Due to this poem’s unique line indents and some of the lines’ length, we strongly suggest reading “Clothes on the Line” on a computer screen to view the poem as the author intended it.

Clothes on the Line
Leslie Lindsay


1.

Who is all buried there?

Your grandfather’s people

An echo of wind.

You think of them deep in the ground, where the storm originates out west.

Do velvet bow and headbands

Wrap around gauzy heads,

Of the desiccating bodies

In the ground?

Is there an apple orchard or pears or a gazebo?

And a bench? For sitting and contemplating such things.

2.

The sky has become a smudge.

Of a bruise.

Slashed with mud and a mix

Of molasses.

3.

Above you, in the basement, a light is coming through, a perfect square.
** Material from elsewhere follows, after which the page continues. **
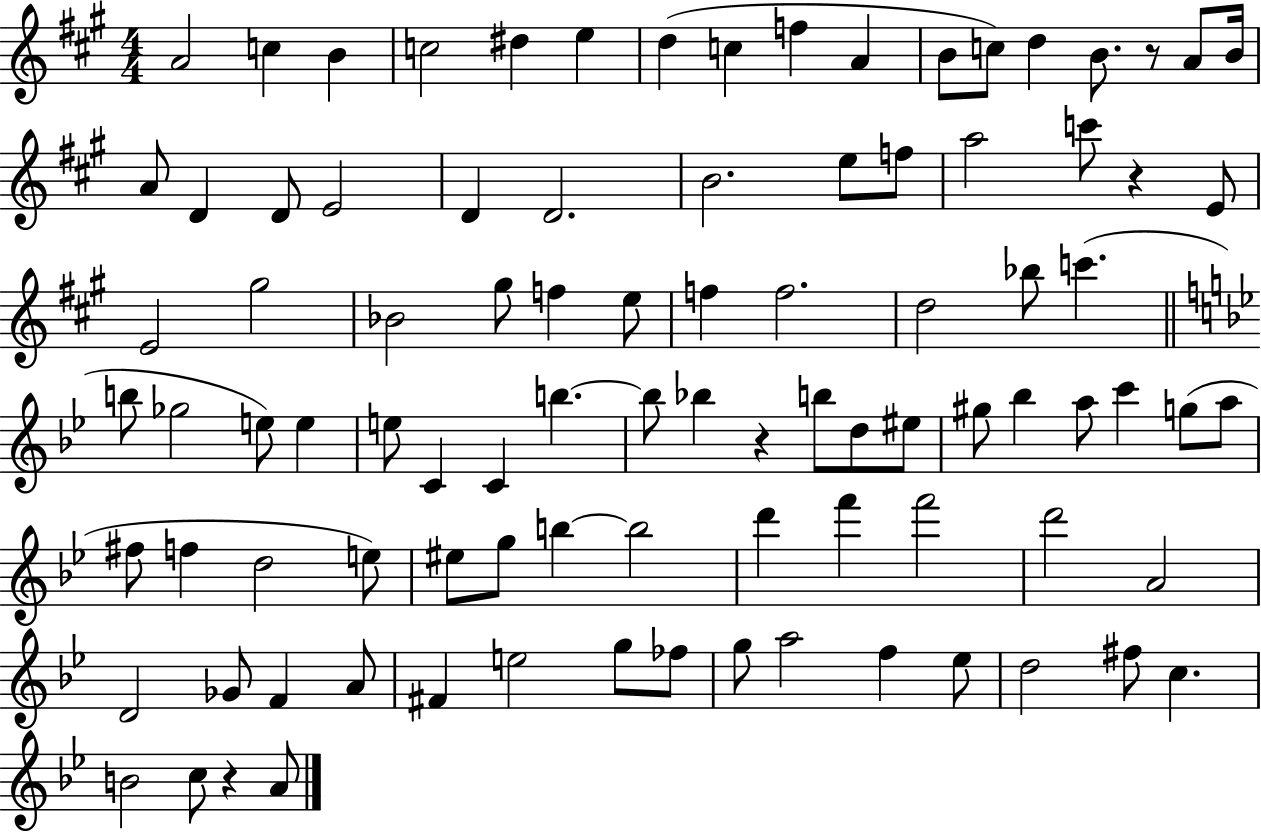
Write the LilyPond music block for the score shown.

Yellow-white light. Oh! Is that heaven? You walk under it. Peer upward. It’s just the laundry shoot, under the sink. In the bathroom. Someone left the cabinet door open. The storm is over. The sun is beaming through the bathroom window and shining in the basement.

4.

Outside, in the backyard,

stroll through the wet grass,

Matted down.

Clothes on the line.

Ruined. Littering the yard. Draped on the fire pit.

Above, the sky darkens from light blue to blue orange.

Velvet.

It is impossible to walk without crushing clover blossoms.

5.

Are grandpa’s people here? Did they come in with the storm? Let’s pick up the garments.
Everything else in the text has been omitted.